La coalition de quatre familles, baptisée « Vivaldi », du nom du compositeur des « Quatre saisons », marque le retour des socialistes et des écologistes, tandis que les nationalistes flamands de la N-VA, le premier parti en Flandre, associés au pouvoir entre 2014 et 2018, en sont exclus.

Selon une source proche des négociations, les écologistes devraient hériter de trois ou quatre portefeuilles ministériels dont ceux du Climat et de la Mobilité.

Alexander De Croo, qui était ministre des Finances dans l’équipe sortante (dont faisaient partie les libéraux), était le favori pour le poste de premier ministre.

La présence d’un Flamand au « 16 rue de la Loi », une première depuis 2011, permet de compenser le fait que ce nouveau gouvernement est minoritaire dans le groupe des députés néerlandophones.

« C’était symboliquement important d’avoir un premier ministre flamand car ce gouvernement va être attaqué en Flandre, dont les deux plus grands partis (N-VA et Vlaams Belang) sont dans l’opposition », a dit à l’AFP le politologue Dave Sinardet.

Le président de la N-VA Bart De Wever n’a pas tardé à ironiser sur une supposée tendance au laxisme en matière de dépenses. « D’une manière ou d’une autre, vous allez payer, c’est le message de cette coalition aux Flamands », a-t-il lancé sur Twitter.

Selon le rapport présentant le programme de gouvernement, obtenu par l’AFP, sont prévues au cours de la prochaine législature « des politiques nouvelles à concurrence de plus de cinq milliards d’euros ».

Une des mesures emblématiques est le relèvement progressif jusqu’à 1500 euros net de la retraite minimum pour une carrière complète de 45 ans.

Mercredi soir il restait à chacun des sept partis de faire valider par ses troupes cet accord.
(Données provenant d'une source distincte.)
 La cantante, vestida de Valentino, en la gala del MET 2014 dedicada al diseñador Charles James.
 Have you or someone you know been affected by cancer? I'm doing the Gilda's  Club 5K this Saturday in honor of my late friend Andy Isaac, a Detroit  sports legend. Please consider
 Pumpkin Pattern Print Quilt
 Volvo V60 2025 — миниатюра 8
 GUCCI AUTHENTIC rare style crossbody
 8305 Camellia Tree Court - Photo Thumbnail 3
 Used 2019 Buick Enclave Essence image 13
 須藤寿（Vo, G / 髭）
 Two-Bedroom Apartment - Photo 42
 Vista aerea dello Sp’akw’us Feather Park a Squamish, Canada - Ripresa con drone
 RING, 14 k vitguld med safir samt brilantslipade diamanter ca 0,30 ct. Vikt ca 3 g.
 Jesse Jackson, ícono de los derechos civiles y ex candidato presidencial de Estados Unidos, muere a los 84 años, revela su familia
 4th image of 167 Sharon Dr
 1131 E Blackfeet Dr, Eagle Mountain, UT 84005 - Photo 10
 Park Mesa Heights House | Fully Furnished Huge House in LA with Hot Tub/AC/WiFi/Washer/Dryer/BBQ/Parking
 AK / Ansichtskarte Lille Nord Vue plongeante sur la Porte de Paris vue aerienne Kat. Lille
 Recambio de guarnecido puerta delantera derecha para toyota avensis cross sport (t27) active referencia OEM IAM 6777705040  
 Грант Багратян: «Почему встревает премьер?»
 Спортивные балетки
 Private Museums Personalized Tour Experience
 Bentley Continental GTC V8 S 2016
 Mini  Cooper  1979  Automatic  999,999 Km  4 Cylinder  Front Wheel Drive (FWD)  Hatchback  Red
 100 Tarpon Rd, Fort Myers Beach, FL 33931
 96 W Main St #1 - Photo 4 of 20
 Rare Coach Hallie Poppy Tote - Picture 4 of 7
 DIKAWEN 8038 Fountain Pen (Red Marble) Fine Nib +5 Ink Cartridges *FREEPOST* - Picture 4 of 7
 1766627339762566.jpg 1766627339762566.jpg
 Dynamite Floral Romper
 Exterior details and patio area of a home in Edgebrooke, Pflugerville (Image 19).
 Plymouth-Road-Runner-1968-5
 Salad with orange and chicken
Quant au nouveau premier ministre, il doit officiellement prendre ses fonctions jeudi matin en prêtant serment devant le roi Philippe.  

« Pile ou face »

Le choix de M. De Croo a été annoncé au détour d’une plaisanterie du socialiste Paul Magnette, qui était chargé avec lui de piloter les négociations. « On a tiré à pile ou face, c’est tombé sur Alexander et c’est un excellent choix », a lâché le président du PS francophone en conférence de presse.

« Après 16 mois d’une crise trop longue qui a profondément abîmé la confiance dans la politique, nous avons un travail énorme à faire pour la regagner », a aussi dit M. Magnette plus sérieusement.

Alexander De Croo, qui à 44 ans peut se vanter d’une ascension politique éclair, va succéder à la libérale francophone Sophie Wilmès, la première femme à avoir dirigé un gouvernement en Belgique, en place depuis octobre 2019.

À la tête d’un attelage de centre droit soutenu par seulement 38 des 150 députés, Mme Wilmès bénéficiait depuis la mi-mars de pouvoirs spéciaux permettant de gouverner par arrêtés royaux pour affronter la pandémie qui a fait 10 000 morts en Belgique.

Cette période exceptionnelle prenait fin le 1er octobre, le délai fixé pour sortir de la crise politique.

Ainsi, les députés belges doivent se retrouver jeudi après-midi dans l’hémicycle du Parlement européen-prêté spécialement pour permettre le respect des distances-en vue de la présentation du nouveau gouvernement. Le vote de confiance pourrait intervenir samedi.

Considérée comme ingouvernable, la Belgique avait connu en 2010-2011 un record de 541 jours sans gouvernement en exercice.